Dual loop CM/CPU + CG
* WB CPU: EK Supremacy Acetal-Nickel
* WB GPU: Bitspower Matrix VG-NGTX980AM Acrylic
* Pumps: 2x XSPC D5 Vario
* Rads: EK Coolstream PE360 + EK Coolstream XTX240 
* Rés: 2x EK-RES X3 110
* Liquid: Mayhems Pastel White
* Fittings: EK HDC 10/12mm
* Tubing: Acrylic rigid 10/12mm


Some pics:



































































Work has already started.....


----------



## babouk100 (Mar 31, 2015)

We continue with the small DIY.
A bit of cutting, drilling, grind, painting, testing ...

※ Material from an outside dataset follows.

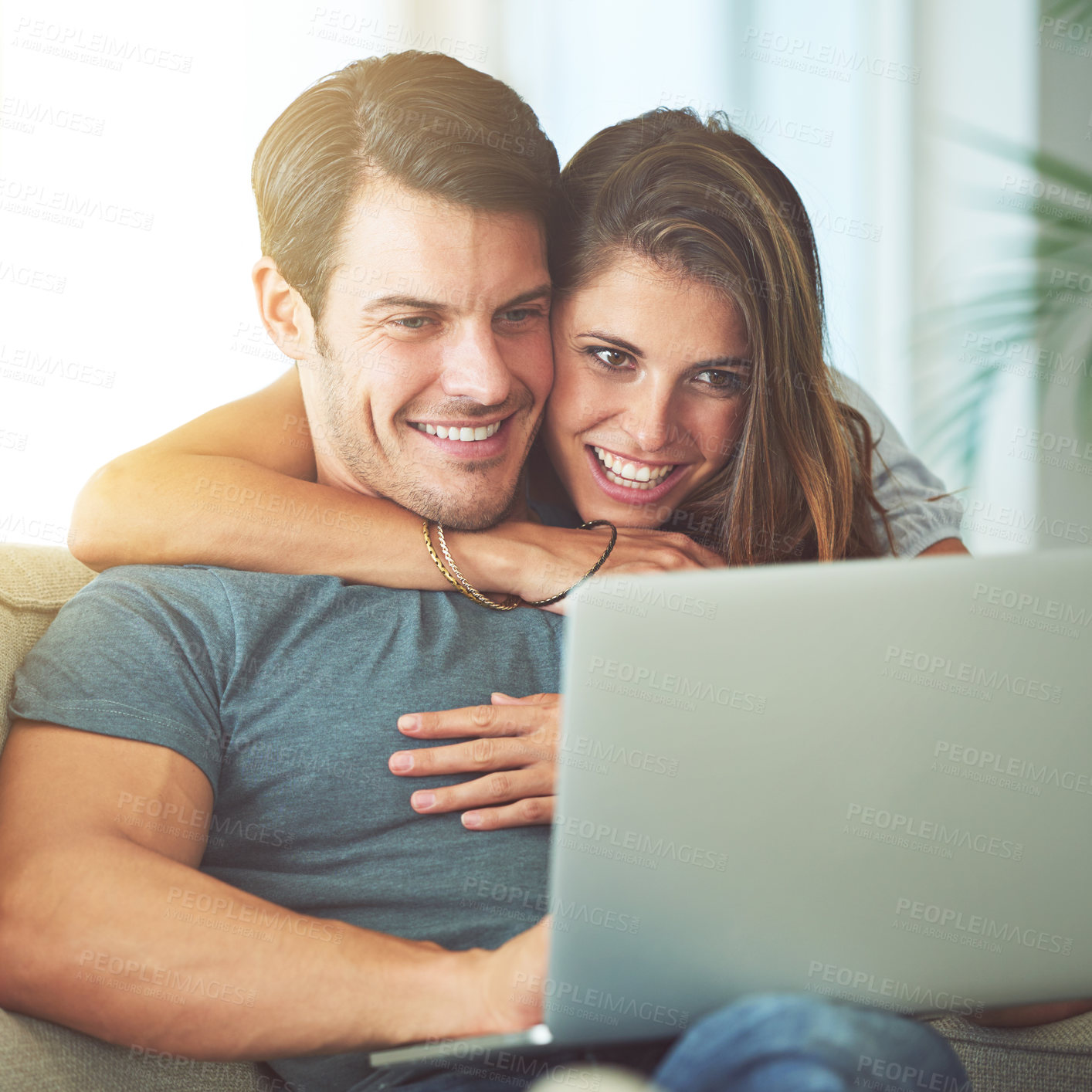 Buy stock photo Laptop, happy and woman embracing man on sofa networking on social media, website or internet. Smile, love and female person hugging husband reading online blog with computer in living room at home.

To begin, a picture of one of the two pumps







Now DIY. To remain in the dominant white theme, and to cover the black background of the case, I made a white background which will be under the motherboard


















Then some paint work that are ready

















A small preview of rads in place into the case







to be continued...


----------



## babouk100 (Apr 2, 2015)

A few more pictures, with some positioning tests to better estimate the additional changes to make more and make sure that everything "will fit" well.

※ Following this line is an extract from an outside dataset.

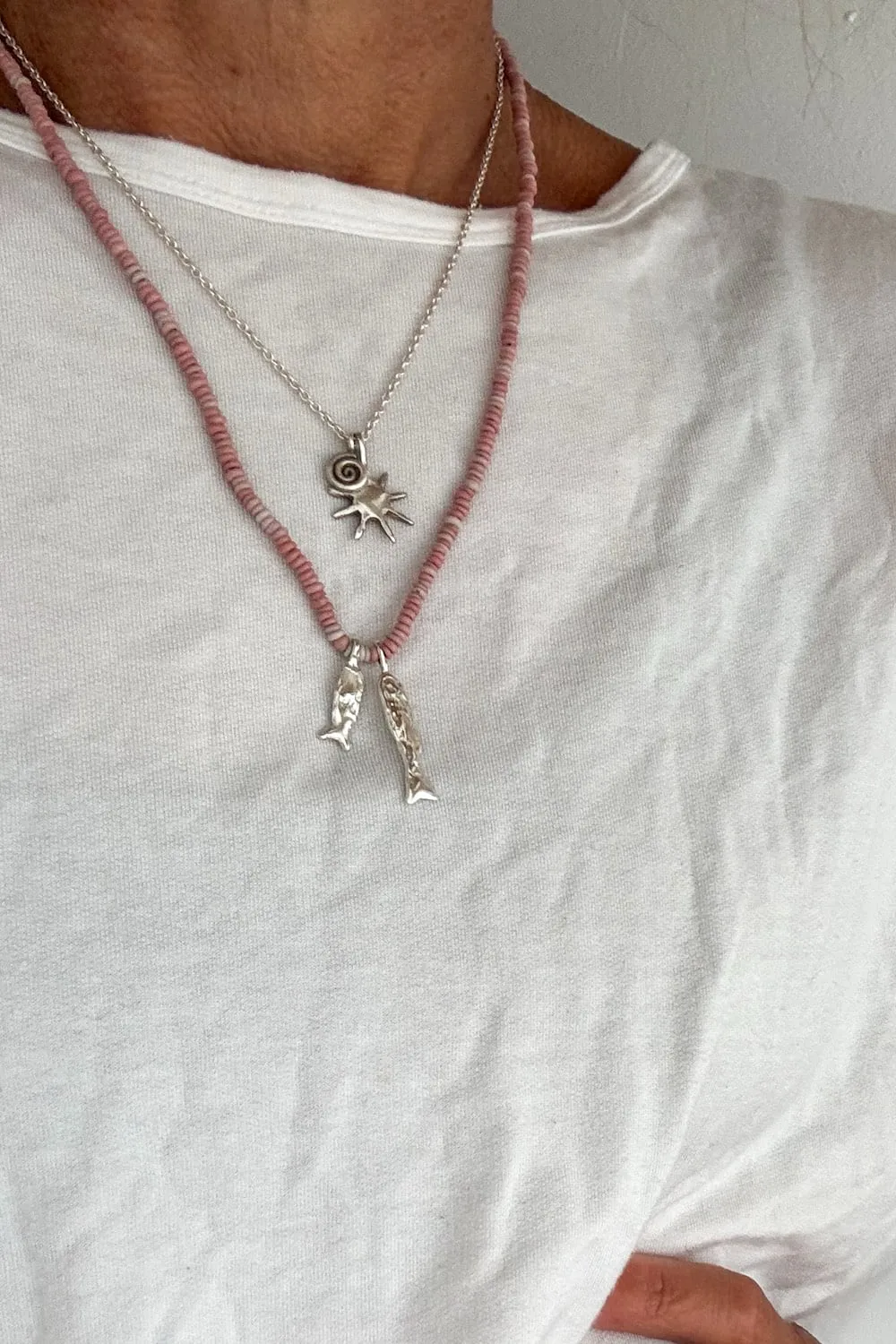 with spiral pendant on a sterling silver chain necklace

Placing pumps, the orientation of the tops will be adjusted for connection to tubes.


















On the opposite side, some positioning tests.
A support for the bottom reservoir will be done tomorrow.


----------



## babouk100 (Apr 10, 2015)

After a delay due to a shortage of parts, I'll be able to make the rigid tubing.
Meanwhile, I continued to work on the case.
To start, I made a support for the bottom reservoir






















Then I made a small change in the positioning of the pumps.
With the pumps in the bottom, and power into place, I had no where to pass the tubes.
So I moved the pumps up.

To keep them aligned and stabilized, so I made a "coupling" between the two pumps holders.

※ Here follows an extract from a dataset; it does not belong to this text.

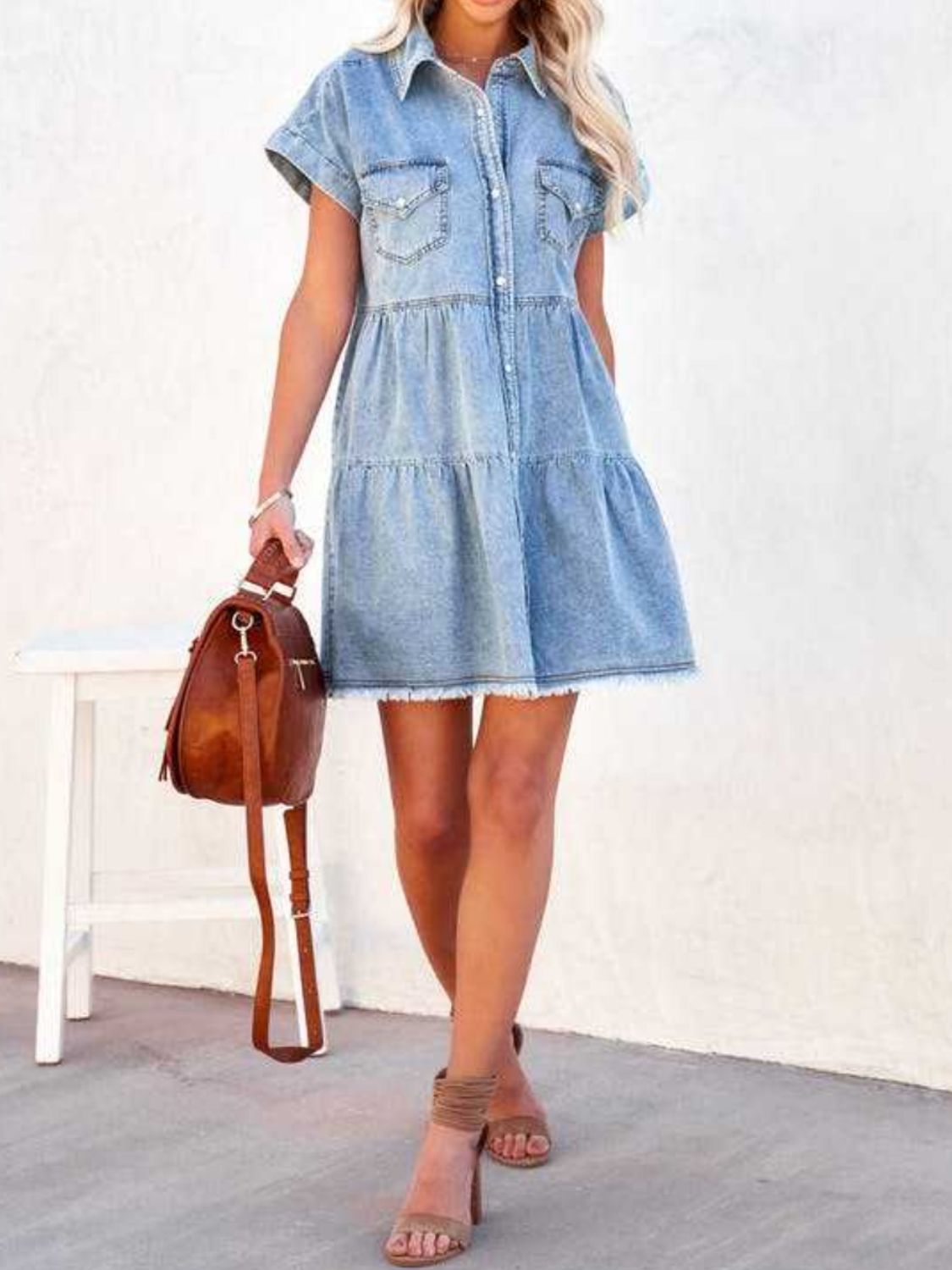 Raw hem short sleeve denim dress by Plush Fashion Hub, showing a casual blue denim dress with a raw hem and short sleeves.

next step, rigid tubing....


----------



## babouk100 (Apr 12, 2015)

While doing the rigid tubing, some pics of the motherboard...


----------



## d1nky (Apr 12, 2015)

subbed! got to be my favourite modder!


----------



## HammerON (Apr 13, 2015)

Sub'd as well. Look forward to great pics as you proceed


----------



## babouk100 (May 5, 2015)

Well, this time, it's over. Here are the pictures of the rest of the work and the final pics.
The setting up of rigid tubing was not easy because in this case, it must pass from one side to the other, while respecting the curves to join the different elements.























































































Final pics


----------



## HammerON (May 6, 2015)

Very nice


----------



## babouk100 (May 6, 2015)

Thanks. Still progress to do with rigid tubing curves. With 90° and 45° fittings it's more simple, but I don't like when it's to easy


----------